The wacky subplot is Ian Hunter’s Christ figure, helping out this group of prison escapees. Why they’re so important–not Gable and Crawford, who I can understand, they’re big stars, I mean the supporting cast (Paul Lukas being the best known)–is never explained. As plot holes go, it’s not the biggest in Strange Cargo (or the smallest–for example, when Gable escapes, he hightails it out of the line. He’s missing in the count and Hunter shows up in his place… suggesting they two know each other, which would have been interesting–they do not, unfortunately), but a lot’s forgivable, since Strange Cargo, while definitely strange, is also a big Hollywood vehicle.
Gable and Crawford have great chemistry with their characters–he’s the con who won’t serve his relatively short remaining sentence quietly because he’s not going to be locked up and she’s the woman who’s ended up, through a long string of bad choices, in the High Seas, singing and dancing at a bar–and, during their jungle scenes, it feels right. Later, when they reveal their inevitable deep emotions for each other, their performances keep it going. The script’s not bad and is quite good in some places, but it’s not exactly discreet in its symbolism.

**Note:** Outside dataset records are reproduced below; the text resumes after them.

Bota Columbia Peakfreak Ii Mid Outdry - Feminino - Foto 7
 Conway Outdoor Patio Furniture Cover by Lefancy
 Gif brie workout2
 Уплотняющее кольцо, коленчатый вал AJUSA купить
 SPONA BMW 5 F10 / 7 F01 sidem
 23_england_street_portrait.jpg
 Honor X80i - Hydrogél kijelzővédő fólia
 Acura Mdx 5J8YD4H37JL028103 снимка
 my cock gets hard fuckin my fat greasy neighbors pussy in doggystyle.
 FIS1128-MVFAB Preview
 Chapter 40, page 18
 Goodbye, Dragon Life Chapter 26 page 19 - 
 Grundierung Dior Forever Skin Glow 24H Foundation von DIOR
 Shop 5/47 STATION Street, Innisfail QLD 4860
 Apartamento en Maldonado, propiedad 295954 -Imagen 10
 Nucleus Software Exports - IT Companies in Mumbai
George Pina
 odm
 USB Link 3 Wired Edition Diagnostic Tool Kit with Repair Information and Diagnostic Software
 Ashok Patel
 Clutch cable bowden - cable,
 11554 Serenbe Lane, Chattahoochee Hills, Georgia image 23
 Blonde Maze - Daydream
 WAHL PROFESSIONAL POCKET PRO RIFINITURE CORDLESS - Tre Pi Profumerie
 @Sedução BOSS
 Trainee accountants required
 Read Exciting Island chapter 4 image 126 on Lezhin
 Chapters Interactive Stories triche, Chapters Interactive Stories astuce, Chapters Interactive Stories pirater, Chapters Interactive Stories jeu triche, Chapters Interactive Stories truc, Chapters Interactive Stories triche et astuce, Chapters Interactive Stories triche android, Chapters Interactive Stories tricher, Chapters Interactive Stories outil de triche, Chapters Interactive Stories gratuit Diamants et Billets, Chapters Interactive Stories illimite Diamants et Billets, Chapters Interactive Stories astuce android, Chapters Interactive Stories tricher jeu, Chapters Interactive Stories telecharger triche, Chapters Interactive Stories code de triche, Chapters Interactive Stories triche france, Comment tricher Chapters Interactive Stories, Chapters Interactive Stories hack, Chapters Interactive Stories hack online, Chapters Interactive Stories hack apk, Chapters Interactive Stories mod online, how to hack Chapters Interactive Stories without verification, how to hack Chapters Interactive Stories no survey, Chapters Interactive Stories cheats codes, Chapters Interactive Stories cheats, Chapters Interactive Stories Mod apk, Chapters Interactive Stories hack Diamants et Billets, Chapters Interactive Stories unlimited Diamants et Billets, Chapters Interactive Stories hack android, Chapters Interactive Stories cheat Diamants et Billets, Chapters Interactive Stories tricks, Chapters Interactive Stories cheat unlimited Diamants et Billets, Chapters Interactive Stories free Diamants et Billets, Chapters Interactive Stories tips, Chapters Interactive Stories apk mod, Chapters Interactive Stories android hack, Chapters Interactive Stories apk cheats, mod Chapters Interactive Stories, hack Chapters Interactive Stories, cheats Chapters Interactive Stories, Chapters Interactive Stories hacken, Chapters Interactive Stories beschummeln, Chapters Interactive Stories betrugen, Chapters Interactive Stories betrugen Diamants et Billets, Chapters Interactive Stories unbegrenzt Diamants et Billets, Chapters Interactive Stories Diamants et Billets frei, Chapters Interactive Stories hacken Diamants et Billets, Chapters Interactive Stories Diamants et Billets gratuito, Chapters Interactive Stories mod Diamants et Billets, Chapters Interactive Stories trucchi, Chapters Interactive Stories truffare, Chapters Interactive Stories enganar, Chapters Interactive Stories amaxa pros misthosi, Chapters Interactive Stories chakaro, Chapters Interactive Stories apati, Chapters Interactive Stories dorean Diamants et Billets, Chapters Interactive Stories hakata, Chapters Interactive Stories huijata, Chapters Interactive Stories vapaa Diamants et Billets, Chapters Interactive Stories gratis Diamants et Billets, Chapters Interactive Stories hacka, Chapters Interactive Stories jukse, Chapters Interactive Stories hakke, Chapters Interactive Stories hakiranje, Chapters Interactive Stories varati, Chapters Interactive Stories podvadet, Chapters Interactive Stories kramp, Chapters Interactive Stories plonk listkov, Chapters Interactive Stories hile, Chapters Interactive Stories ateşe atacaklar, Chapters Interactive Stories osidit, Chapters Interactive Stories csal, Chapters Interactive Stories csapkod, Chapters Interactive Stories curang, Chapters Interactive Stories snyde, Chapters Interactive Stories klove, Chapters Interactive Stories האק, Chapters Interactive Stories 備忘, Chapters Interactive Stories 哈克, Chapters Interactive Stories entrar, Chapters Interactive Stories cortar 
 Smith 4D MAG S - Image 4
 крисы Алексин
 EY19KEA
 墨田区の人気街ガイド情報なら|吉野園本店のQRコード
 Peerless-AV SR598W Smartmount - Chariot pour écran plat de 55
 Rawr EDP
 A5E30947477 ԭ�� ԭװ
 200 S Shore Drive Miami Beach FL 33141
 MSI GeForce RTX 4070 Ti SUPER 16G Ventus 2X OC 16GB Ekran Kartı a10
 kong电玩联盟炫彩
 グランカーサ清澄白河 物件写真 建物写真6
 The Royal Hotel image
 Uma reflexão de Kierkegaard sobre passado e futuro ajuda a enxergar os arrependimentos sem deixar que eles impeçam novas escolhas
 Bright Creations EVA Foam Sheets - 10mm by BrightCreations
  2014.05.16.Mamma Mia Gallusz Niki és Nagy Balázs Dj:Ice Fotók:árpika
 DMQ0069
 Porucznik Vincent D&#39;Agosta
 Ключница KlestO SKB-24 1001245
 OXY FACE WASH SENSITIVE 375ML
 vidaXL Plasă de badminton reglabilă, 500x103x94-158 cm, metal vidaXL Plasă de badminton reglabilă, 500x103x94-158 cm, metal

Some of the supporting cast–particularly Lukas and Peter Lorre–is good. Hunter is okay, nothing more. Albert Dekker and John Arledge are not good. Still, they’re not terrible.
Unfortunately, the second act builds toward the film being better and then the third act, practically a stage production, falters. The end, with the neon symbolism, is also problematic. But Gable and Crawford bring it through.
Directed by Frank Borzage; screenplay by Lawrence Hazard, based on a novel by Richard Sale; director of photography, Robert H. Planck; edited by Robert Kern; music by Franz Waxman; produced by Borzage and Joseph L. Mankiewicz; released by Metro-Goldwyn-Mayer.
Starring Joan Crawford (Julie), Clark Gable (André Verne), Ian Hunter (Cambreau), Peter Lorre (Pig), Paul Lukas (Hessler), Albert Dekker (Moll), J. Edward Bromberg (Flaubert), Eduardo Ciannelli (Telez), John Arledge (Dufond), Frederick Worlock (Grideau, the Prison Head), Bernard Nedell (Marfeu) and Victor Varconi (Fisherman).